Considerando as implicações que as doenças crônicas acarretam na vida das pessoas, torna-se relevante o estudo sobre a temática Qualidade de Vida para o grupo de idosos, pois os resultados destes estudos  podem auxiliar a Enfermagem na  busca de melhorar as formas de cuidar desta parcela da população (9).Destarte, as pesquisas realizadas para avaliar a QV empregando instrumentos de medida captam a percepção do sujeito num dado período de tempo e a analisam de acordo com os domínios estabelecidos para cada um, considerando aspectos relativos à questão das condições físicas, psicológicas, sociais, do ambiente, da espiritualidade, o estado geral da saúde, a capacidade funcional e  em alguns os aspectos emocionais.(10-11).  

Há instrumentos específicos adaptados para determinados enfermidades, mas os mais utilizados são o da OMS, tanto em sua forma completa (WHOQOL-100) como na reduzida (WHOQOL-bref), o Medical Outcomes Study 36-Item Short-Form Health Survey (SF-36), e outros como o European Organization for Research and Treatment of Cancer (EORTC-QLQ 30) e o Medical Outcomes Study-HIV(9-10,12) , os resultados das pesquisas quantitativas geralmente apontam para níveis bons e muito bons de QV.

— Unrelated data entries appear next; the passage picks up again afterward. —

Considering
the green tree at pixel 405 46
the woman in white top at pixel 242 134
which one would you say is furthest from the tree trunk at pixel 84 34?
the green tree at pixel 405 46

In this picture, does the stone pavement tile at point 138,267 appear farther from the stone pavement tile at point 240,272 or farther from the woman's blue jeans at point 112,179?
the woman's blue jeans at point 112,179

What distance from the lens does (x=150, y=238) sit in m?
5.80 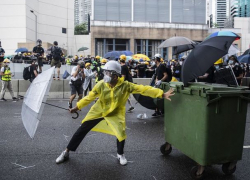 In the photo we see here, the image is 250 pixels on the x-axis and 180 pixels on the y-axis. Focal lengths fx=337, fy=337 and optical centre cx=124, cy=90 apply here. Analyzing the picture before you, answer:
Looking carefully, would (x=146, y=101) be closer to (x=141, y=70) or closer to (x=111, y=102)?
(x=111, y=102)

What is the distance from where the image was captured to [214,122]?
14.4 ft

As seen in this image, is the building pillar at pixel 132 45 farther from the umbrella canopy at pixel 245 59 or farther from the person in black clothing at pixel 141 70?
the umbrella canopy at pixel 245 59

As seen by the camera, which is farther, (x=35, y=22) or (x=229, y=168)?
(x=35, y=22)

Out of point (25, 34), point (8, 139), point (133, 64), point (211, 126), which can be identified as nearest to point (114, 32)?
point (25, 34)

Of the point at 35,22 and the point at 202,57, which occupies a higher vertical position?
the point at 35,22

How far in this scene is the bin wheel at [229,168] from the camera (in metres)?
4.72

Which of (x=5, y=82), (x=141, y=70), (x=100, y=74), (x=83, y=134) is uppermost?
(x=141, y=70)

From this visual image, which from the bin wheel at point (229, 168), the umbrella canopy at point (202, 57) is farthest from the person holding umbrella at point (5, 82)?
the bin wheel at point (229, 168)

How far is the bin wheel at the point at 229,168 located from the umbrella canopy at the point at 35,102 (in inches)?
104

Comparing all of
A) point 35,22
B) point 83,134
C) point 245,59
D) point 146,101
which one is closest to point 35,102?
point 83,134

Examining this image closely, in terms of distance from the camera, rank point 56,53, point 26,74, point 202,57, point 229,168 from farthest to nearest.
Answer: point 56,53 → point 26,74 → point 202,57 → point 229,168

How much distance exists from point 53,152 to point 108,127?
4.07 ft

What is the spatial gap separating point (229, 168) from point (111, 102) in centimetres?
197

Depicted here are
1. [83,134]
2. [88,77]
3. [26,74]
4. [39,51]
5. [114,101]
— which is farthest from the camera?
[39,51] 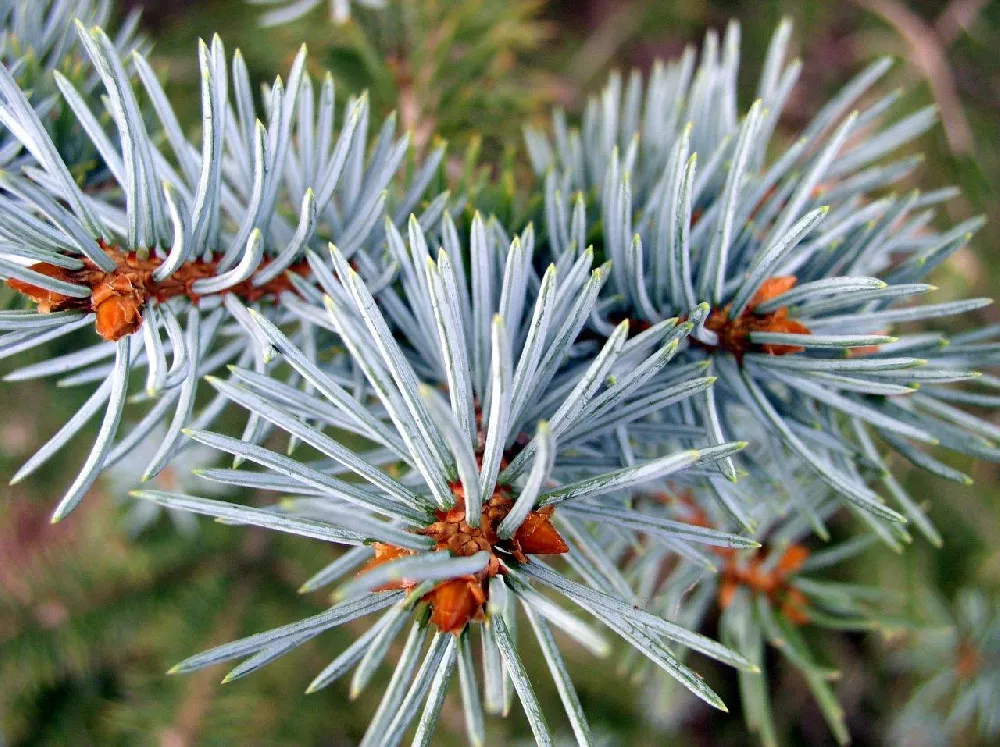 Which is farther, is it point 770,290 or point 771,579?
point 771,579

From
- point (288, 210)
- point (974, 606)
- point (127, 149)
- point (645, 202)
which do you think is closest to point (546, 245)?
point (645, 202)

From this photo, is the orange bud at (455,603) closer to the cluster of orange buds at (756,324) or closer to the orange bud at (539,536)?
the orange bud at (539,536)

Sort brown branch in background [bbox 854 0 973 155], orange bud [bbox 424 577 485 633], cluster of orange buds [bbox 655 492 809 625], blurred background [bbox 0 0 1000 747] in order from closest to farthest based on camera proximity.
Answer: orange bud [bbox 424 577 485 633], cluster of orange buds [bbox 655 492 809 625], blurred background [bbox 0 0 1000 747], brown branch in background [bbox 854 0 973 155]

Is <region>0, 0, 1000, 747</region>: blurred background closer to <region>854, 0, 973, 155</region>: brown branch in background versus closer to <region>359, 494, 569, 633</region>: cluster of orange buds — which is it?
<region>854, 0, 973, 155</region>: brown branch in background

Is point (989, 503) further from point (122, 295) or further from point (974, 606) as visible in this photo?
point (122, 295)

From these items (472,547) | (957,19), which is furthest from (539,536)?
(957,19)

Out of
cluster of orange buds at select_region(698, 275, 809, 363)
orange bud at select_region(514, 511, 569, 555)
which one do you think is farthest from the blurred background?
orange bud at select_region(514, 511, 569, 555)

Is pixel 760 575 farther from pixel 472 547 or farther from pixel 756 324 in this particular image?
pixel 472 547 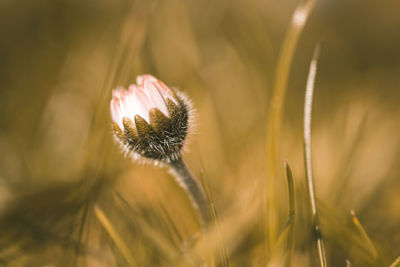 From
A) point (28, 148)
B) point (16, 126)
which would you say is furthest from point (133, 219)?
point (16, 126)

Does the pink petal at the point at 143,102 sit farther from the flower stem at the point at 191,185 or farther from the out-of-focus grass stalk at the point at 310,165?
the out-of-focus grass stalk at the point at 310,165

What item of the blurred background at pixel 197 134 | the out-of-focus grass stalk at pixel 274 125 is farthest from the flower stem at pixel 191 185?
the out-of-focus grass stalk at pixel 274 125

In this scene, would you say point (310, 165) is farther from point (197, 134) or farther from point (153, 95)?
point (197, 134)

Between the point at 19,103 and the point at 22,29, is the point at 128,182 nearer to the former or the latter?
the point at 19,103

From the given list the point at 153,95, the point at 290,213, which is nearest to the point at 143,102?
the point at 153,95

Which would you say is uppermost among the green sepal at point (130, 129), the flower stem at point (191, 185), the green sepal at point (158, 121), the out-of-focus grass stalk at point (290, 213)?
the green sepal at point (130, 129)

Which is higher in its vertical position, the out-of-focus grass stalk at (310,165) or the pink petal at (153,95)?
the pink petal at (153,95) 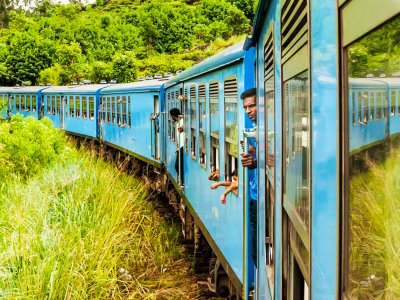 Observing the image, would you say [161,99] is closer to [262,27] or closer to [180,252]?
[180,252]

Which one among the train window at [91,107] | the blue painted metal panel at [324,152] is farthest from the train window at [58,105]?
the blue painted metal panel at [324,152]

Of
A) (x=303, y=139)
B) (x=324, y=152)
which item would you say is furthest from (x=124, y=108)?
(x=324, y=152)

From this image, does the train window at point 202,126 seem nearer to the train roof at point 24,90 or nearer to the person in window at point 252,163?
the person in window at point 252,163

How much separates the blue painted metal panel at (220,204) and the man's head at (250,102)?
0.23 meters

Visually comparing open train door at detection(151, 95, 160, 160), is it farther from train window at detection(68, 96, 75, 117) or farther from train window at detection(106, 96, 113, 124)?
train window at detection(68, 96, 75, 117)

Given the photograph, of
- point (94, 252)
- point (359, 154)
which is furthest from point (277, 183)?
point (94, 252)

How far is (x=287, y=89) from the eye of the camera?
2.60 m

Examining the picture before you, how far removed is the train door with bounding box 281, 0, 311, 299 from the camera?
81.0 inches

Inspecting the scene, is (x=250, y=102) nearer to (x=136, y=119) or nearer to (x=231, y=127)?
(x=231, y=127)

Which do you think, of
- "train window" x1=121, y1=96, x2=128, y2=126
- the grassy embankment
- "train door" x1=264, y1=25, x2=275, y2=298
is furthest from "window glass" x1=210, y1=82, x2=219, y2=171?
"train window" x1=121, y1=96, x2=128, y2=126

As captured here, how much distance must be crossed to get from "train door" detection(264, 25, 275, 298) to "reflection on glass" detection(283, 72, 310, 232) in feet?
1.76

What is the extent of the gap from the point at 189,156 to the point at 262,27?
516 cm

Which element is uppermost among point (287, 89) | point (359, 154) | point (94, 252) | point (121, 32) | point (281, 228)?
point (121, 32)

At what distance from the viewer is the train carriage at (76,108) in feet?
72.8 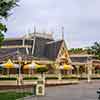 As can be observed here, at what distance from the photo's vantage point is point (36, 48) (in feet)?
239

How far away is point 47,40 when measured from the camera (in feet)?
254

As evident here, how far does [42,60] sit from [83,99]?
4122 cm

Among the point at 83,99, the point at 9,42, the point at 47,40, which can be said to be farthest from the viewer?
the point at 47,40

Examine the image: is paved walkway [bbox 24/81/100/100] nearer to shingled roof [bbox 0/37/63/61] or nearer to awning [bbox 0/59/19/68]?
awning [bbox 0/59/19/68]

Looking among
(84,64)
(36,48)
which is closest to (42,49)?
(36,48)

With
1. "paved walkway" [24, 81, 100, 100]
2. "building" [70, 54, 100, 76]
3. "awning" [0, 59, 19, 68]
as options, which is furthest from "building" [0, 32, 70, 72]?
"paved walkway" [24, 81, 100, 100]

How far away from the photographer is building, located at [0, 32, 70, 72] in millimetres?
67125

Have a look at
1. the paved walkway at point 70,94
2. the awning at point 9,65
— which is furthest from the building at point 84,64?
Answer: the paved walkway at point 70,94

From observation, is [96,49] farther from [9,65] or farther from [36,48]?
[9,65]

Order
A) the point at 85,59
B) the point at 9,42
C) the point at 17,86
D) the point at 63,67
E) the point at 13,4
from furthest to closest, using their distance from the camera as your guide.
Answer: the point at 85,59 → the point at 9,42 → the point at 63,67 → the point at 17,86 → the point at 13,4

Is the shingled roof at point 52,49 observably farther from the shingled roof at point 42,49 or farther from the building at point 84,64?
the building at point 84,64

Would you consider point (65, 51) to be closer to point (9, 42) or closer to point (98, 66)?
point (9, 42)

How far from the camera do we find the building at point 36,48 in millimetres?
67125

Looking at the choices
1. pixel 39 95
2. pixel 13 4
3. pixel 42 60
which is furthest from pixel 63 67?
pixel 13 4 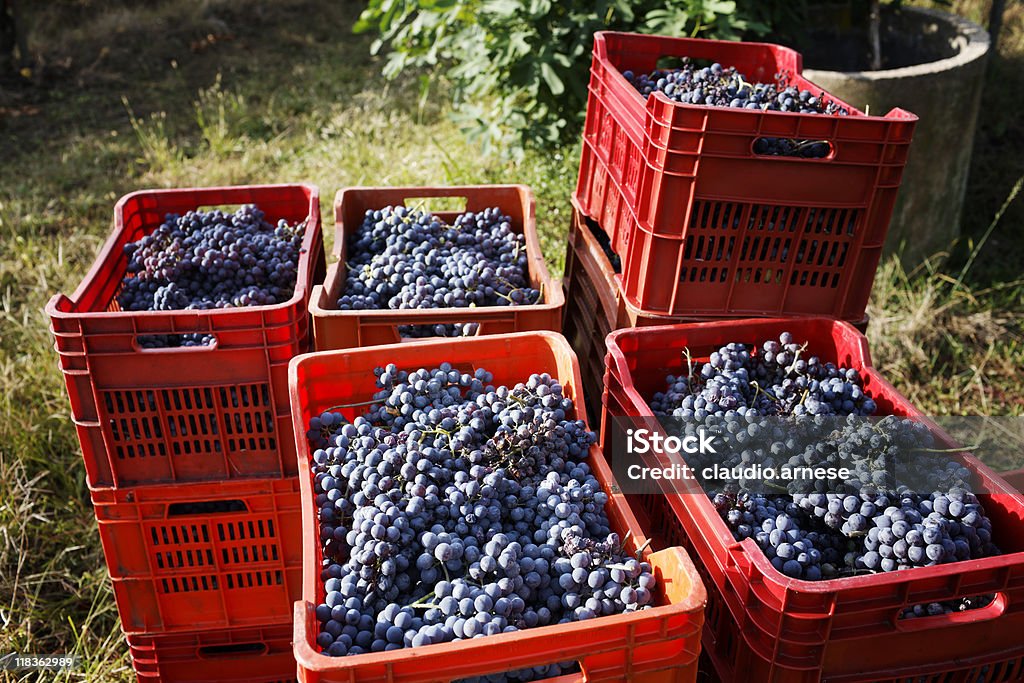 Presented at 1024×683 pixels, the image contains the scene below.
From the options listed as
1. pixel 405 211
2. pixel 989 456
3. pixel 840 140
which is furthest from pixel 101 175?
pixel 989 456

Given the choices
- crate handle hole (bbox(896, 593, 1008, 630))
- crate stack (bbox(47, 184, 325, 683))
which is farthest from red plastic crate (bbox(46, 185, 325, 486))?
crate handle hole (bbox(896, 593, 1008, 630))

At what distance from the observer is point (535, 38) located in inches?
160

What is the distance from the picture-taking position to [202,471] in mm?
2012

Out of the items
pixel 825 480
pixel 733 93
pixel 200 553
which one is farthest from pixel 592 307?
pixel 200 553

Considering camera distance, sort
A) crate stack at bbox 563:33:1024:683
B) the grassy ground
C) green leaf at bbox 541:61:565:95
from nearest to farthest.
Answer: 1. crate stack at bbox 563:33:1024:683
2. the grassy ground
3. green leaf at bbox 541:61:565:95

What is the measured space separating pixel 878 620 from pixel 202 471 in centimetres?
152

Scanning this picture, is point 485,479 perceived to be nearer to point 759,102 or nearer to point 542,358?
point 542,358

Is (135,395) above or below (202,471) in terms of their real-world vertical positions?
above

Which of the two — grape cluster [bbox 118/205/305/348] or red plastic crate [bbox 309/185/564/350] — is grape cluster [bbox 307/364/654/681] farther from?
grape cluster [bbox 118/205/305/348]

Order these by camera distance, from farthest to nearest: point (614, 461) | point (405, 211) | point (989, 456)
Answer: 1. point (989, 456)
2. point (405, 211)
3. point (614, 461)

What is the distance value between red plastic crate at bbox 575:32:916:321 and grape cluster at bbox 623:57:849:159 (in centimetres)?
13

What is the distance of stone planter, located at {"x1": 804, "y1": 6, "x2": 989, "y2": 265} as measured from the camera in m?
3.84

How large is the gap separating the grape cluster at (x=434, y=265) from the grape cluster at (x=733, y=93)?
651 mm

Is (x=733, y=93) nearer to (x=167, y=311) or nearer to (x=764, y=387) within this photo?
(x=764, y=387) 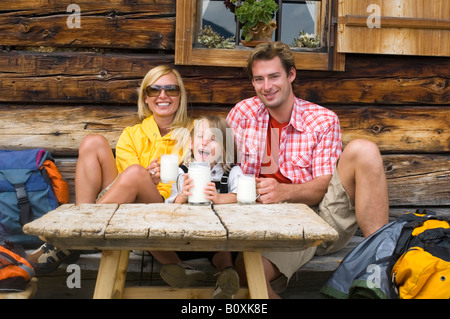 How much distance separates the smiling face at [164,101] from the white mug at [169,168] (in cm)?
56

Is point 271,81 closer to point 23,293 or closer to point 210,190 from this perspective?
point 210,190

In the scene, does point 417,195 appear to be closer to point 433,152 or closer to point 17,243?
point 433,152

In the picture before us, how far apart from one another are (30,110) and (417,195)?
8.38ft

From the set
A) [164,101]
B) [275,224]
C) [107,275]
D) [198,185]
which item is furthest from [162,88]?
[275,224]

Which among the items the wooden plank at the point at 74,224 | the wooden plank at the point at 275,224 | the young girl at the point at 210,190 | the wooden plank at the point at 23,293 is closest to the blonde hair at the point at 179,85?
the young girl at the point at 210,190

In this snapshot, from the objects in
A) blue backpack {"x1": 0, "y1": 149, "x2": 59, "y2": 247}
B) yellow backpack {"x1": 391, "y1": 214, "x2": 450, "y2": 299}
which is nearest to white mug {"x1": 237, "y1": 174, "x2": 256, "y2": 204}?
yellow backpack {"x1": 391, "y1": 214, "x2": 450, "y2": 299}

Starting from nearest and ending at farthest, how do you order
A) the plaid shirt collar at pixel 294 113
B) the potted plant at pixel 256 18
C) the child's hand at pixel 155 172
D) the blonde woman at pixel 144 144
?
the child's hand at pixel 155 172 < the blonde woman at pixel 144 144 < the plaid shirt collar at pixel 294 113 < the potted plant at pixel 256 18

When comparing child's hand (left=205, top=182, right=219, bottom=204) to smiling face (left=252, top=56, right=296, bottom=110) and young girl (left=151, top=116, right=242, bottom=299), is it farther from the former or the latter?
smiling face (left=252, top=56, right=296, bottom=110)

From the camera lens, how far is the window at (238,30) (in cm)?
337

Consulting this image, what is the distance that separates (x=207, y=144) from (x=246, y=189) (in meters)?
0.44

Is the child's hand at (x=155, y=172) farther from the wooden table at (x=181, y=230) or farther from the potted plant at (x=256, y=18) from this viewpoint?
the potted plant at (x=256, y=18)

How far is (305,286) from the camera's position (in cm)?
321

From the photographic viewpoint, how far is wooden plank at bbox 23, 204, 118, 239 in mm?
1931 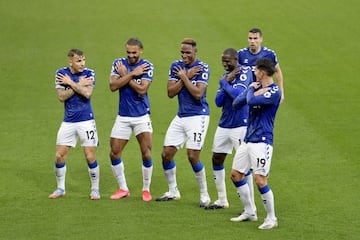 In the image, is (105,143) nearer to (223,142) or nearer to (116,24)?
(223,142)

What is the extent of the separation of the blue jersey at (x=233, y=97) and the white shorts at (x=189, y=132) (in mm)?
428

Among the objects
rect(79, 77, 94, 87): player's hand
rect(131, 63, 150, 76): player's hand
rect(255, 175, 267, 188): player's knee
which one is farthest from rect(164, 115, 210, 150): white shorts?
rect(255, 175, 267, 188): player's knee

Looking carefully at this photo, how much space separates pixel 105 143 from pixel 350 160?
5.03 m

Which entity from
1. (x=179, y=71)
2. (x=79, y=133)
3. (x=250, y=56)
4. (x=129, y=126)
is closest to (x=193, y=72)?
(x=179, y=71)

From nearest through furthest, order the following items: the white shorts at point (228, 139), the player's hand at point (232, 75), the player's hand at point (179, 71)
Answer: the player's hand at point (232, 75), the white shorts at point (228, 139), the player's hand at point (179, 71)

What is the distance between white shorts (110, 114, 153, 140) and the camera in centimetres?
1525

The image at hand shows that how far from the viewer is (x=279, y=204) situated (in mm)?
14945

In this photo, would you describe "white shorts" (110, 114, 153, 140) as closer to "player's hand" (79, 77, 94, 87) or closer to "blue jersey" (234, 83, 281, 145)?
"player's hand" (79, 77, 94, 87)

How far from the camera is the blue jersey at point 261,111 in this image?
43.1 ft

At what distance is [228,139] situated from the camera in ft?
47.8

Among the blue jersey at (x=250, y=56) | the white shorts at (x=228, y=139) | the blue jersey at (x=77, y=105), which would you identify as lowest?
the white shorts at (x=228, y=139)

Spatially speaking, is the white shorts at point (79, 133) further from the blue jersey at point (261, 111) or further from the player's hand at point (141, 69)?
the blue jersey at point (261, 111)

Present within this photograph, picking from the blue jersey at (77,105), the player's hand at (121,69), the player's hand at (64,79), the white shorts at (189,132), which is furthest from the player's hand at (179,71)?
the player's hand at (64,79)

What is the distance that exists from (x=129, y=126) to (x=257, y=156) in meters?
2.80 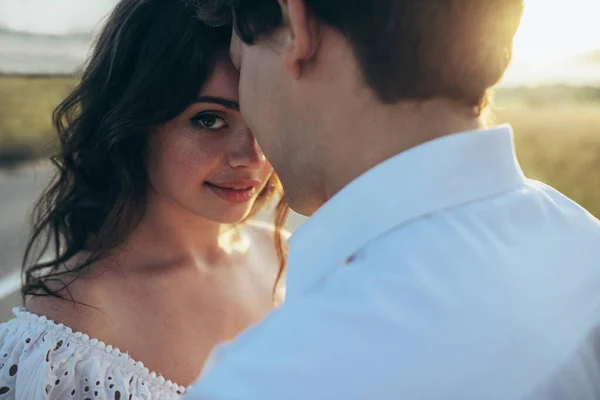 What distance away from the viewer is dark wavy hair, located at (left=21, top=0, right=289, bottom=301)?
157 centimetres

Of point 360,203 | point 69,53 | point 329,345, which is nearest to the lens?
point 329,345

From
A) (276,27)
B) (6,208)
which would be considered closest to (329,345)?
(276,27)

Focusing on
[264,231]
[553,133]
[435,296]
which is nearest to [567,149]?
[553,133]

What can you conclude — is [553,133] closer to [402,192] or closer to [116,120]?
[116,120]

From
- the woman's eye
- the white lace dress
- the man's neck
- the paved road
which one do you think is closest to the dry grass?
the paved road

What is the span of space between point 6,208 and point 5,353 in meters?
2.02

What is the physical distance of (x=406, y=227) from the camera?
727mm

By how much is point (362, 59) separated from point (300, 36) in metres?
0.09

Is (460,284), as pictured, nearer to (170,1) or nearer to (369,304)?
(369,304)

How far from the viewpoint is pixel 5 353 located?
5.06ft

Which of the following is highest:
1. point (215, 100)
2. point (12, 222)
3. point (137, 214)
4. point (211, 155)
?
point (215, 100)

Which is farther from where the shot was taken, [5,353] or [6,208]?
[6,208]

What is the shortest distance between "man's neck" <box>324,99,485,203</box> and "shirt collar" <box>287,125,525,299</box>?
0.03 meters

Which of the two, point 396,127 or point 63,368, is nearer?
point 396,127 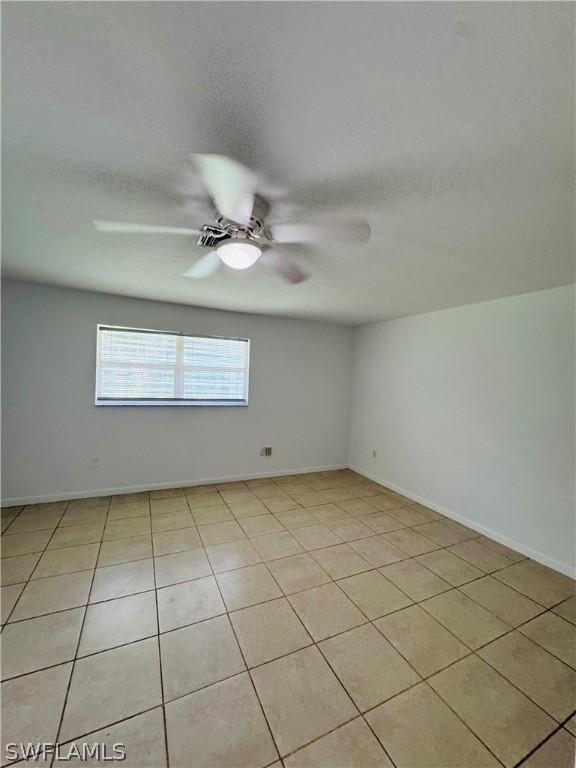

 As interferências mensuradas da percepção da qualidade de vida relacionam-se ao gênero ou a religião em alguns dos domínios estudados, mas mesmo com estatísticas significativas os autores remetem para outros desenhos de estudo ou mesmo para a conjugação de dois métodos, pois a subjetividade agregada ao conceito pode, em função dos resultados, fazer pouco ou nenhum sentido para as pessoas. Com duas abordagens, uma qualitativa outra quantitativa, os temas que emergirem para além dos domínios já estabelecidos por instrumentos de medida podem refletir os caminhos percorridos pelos portadores de doença crônica e suas representações sobre a condição de saúde (12-13,15), aspectos que justificam a realização deste estudo.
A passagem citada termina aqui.